Reputation:
I am trying to figure out how to properly implement ForkManager for a part of a project I am working on, but have run into a situation where FM seems to be spawning processes and doing stuff, but takes forever.
However, when I try FM in debug code (by setting the max processes to 0), the code completes within a reasonable and expected timeframe.
Here is the code I am having trouble with...
use strict;
use warnings;
use Parallel::ForkManager;
sub read_table {
# takes a filename and reads in a CSV file.

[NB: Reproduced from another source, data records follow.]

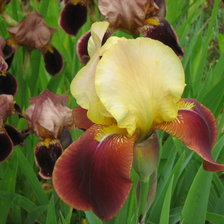 Схема вышивки «Ирисы в моеи саду 3»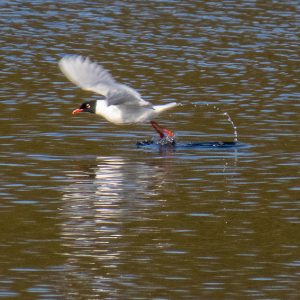 IMG_7703a-Mediterranean-Gull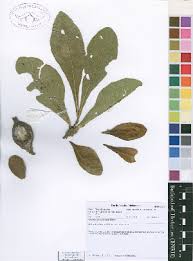 Image result for Gardenia subacaulis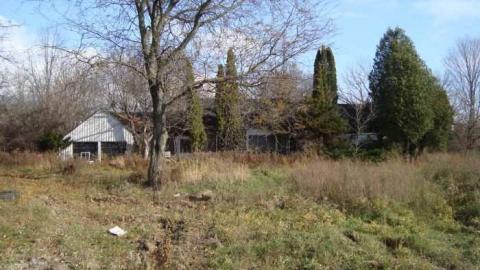 JCG Gallery - DSC01120.jpg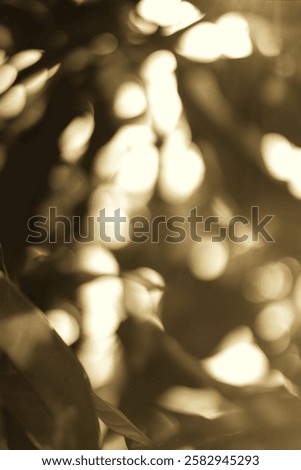 Similar – Image, Stock Photo Golden sunlight filters through a dynamic field of wheat with red poppies, creating a blurred, dreamlike effect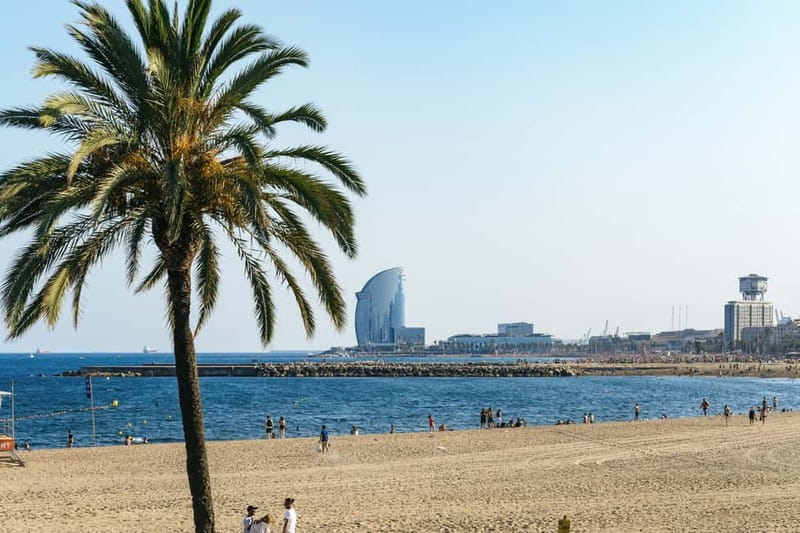 Barcelona: Sagrada Familia or Coastal City Sights by eBike - Bikes, comfort, and family details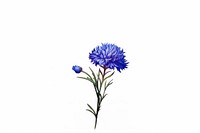 Cornflower plant inflorescence wildflower. AI generated Image by rawpixel.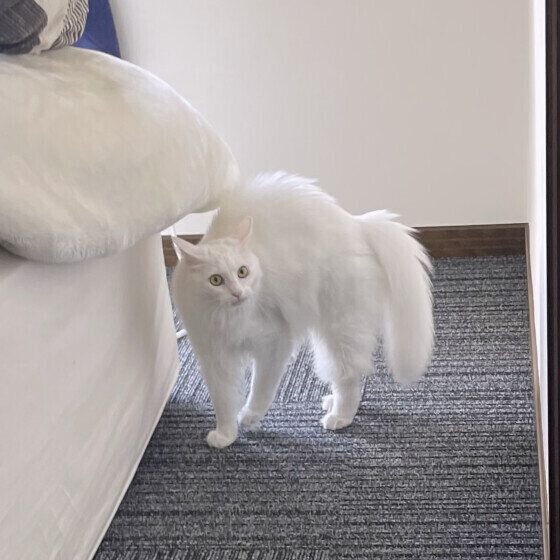 やんのかポーズをする白猫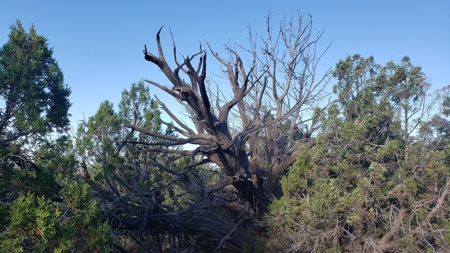 Awesome Views Over 37 Acres Recreational Land - image 4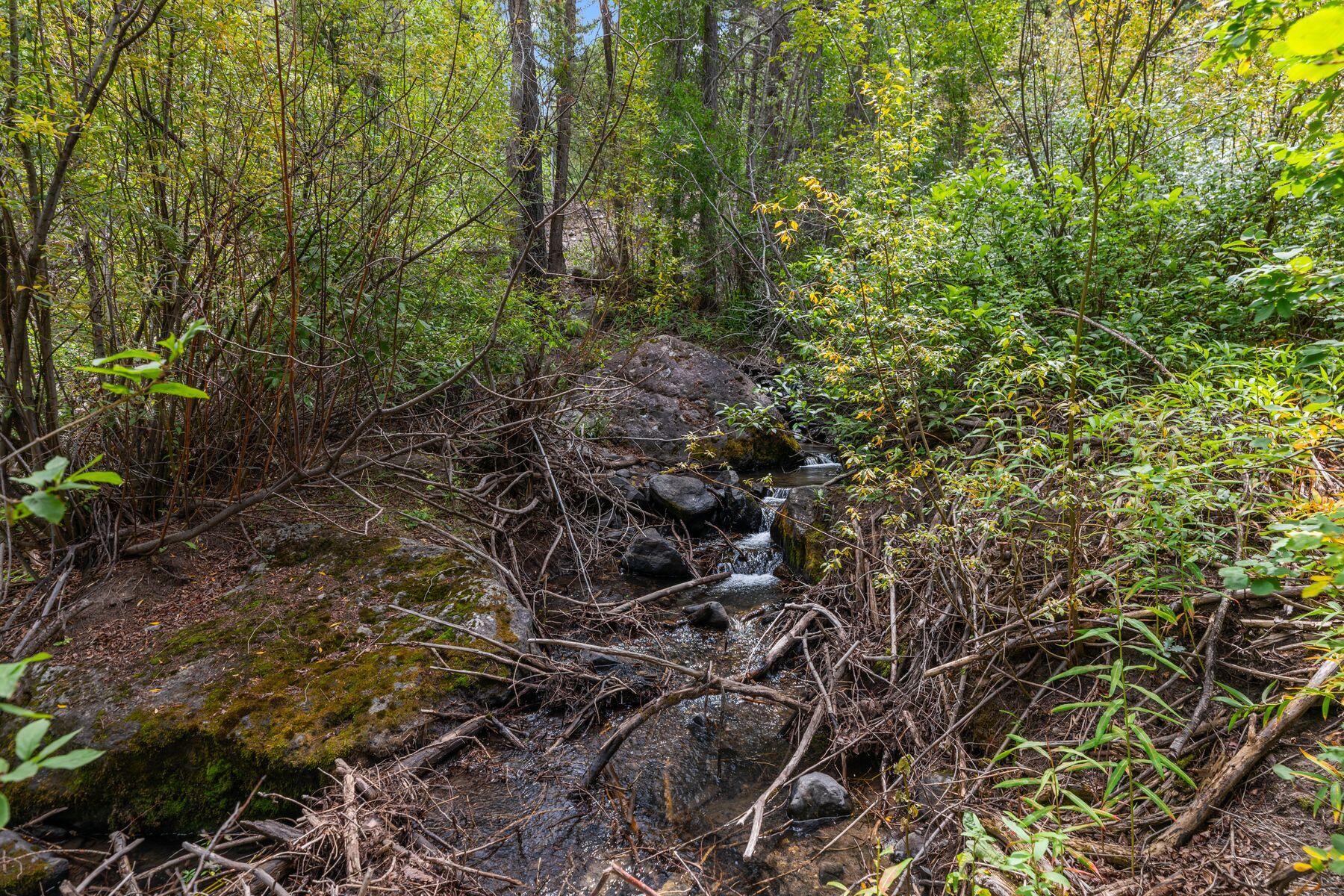 92 Lake Fork Junction Road Property Photo 27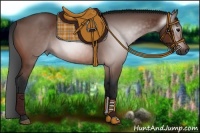 Horse Color:Gray Bay 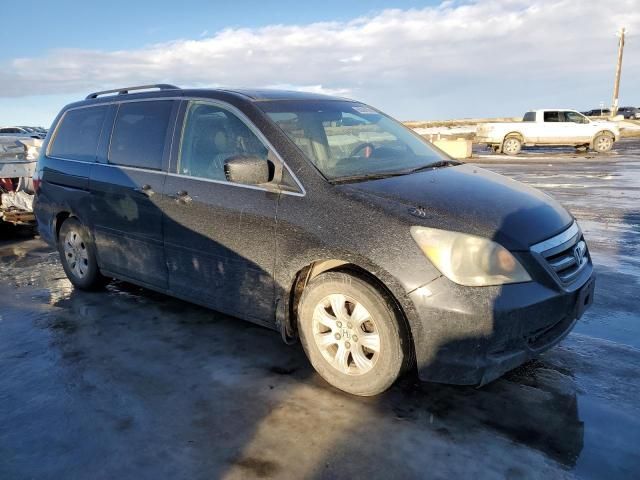 2005 Honda Odyssey EXL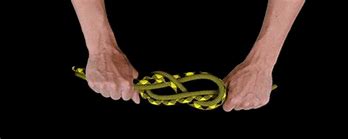 Image result for Rope Line Clip
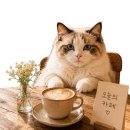 현동초등학교 앞 사거리 횡단보도 | [김해 내외동 카페] 빵 종류가 많아 눈 돌아가는 베이커리 김덕규 과자점 방문 후기
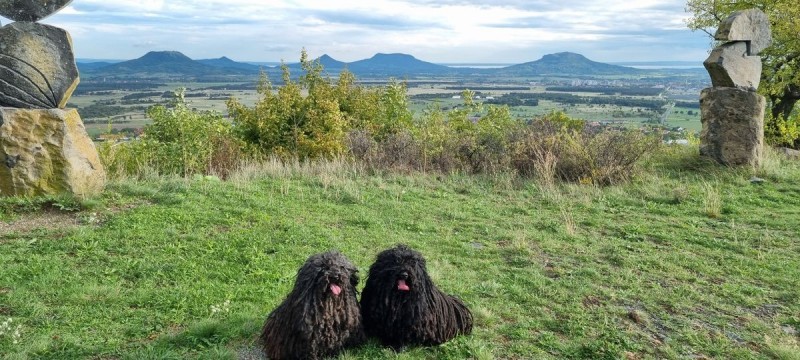 Kirándulás kutyával. A Haláp-hegyről lenyűgöző látványként tárulnak elénk a Balaton tanúhegyei, a Tapolcai-medence, a Keszthelyi-hegység, de még a Somló is. Túrázásra ajánlja Pite és Vacak. Forrás: olvasó, Dávid Barbara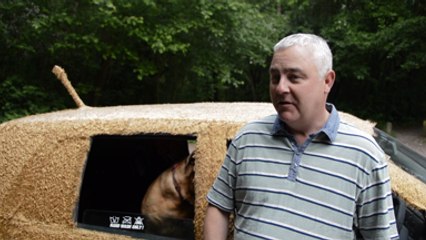 Man transforms old Volkswagen into canine cruiser for his dogs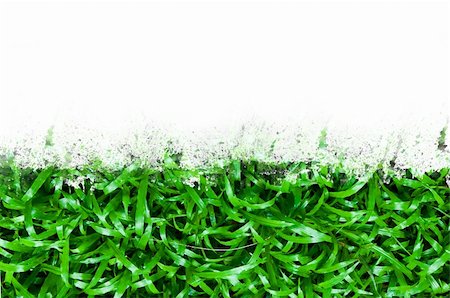 simsearch:400-08775485,k - Green grass Stock Photo - Budget Royalty-Free & Subscription, Code: 400-04797510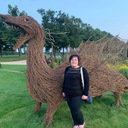 avatar of the starter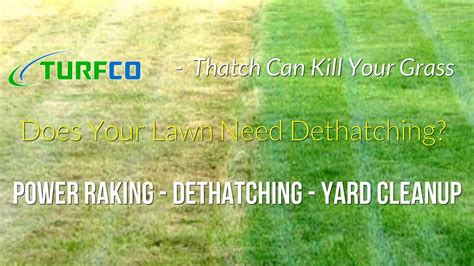 Aerating is best done when there's the problem of compaction. Dethatching & Yard Cleanup - Thatch Kills Grass - Free Estimate - YouTube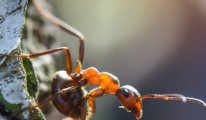 İstilacı karıncalar Avrupa'yı ele geçiriyor
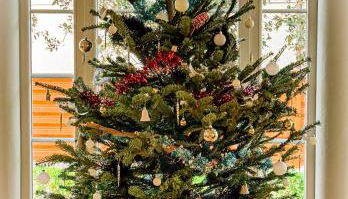 Villa Georgia - Elégante villa anglo-normande avec jardin - Plage à 100 m - Foto 5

# works fine and thus is omitted here
}
sub foo {
# originally an Inline::C subroutine
# for purpose of debugging replaced with randgen
return rand;
}
my $cpu_count = 0; my $epsilon = 1e-16;
my @tt = read_table('tt.csv');
my @tc = read_table('tc.csv');
my @nm = ($epsilon) x scalar @tc;
my @results;
my $pm = new Parallel::ForkManager($cpu_count);
$pm->run_on_finish(sub{
my $i = $_[1]; my $m = $_[5];
$results[$i] = $m;
});
foreach my $i (0..$#tt) {
$pm->start and next;
my @r;
if (scalar @{$tt[$i]} > 1) {
foreach my $j (0..$#tc) {
if (scalar @{$tc[$j]} > 1) {
push @r, foo(scalar @{$tt[$i]}, scalar @{$tc[$j]}, \@{$tt[$i]}, \@{$tc[$j]});
} else {
push @r, $epsilon;
}
}
} else {
@r = @nm;
}
$pm->finish($i, [@r]);
undef @r;
}
$pm->wait_all_children;
So if I set $cpu_count
to 0, the process completes fine without a problem, with the original C code complete in a couple of minutes (with sub foo {return rand;}
only ~ 2 seconds), but when FM is turned on, it would then seem to go on for a long time. It did seem like it was running however when I put in print statements like print "at rows $i and $j"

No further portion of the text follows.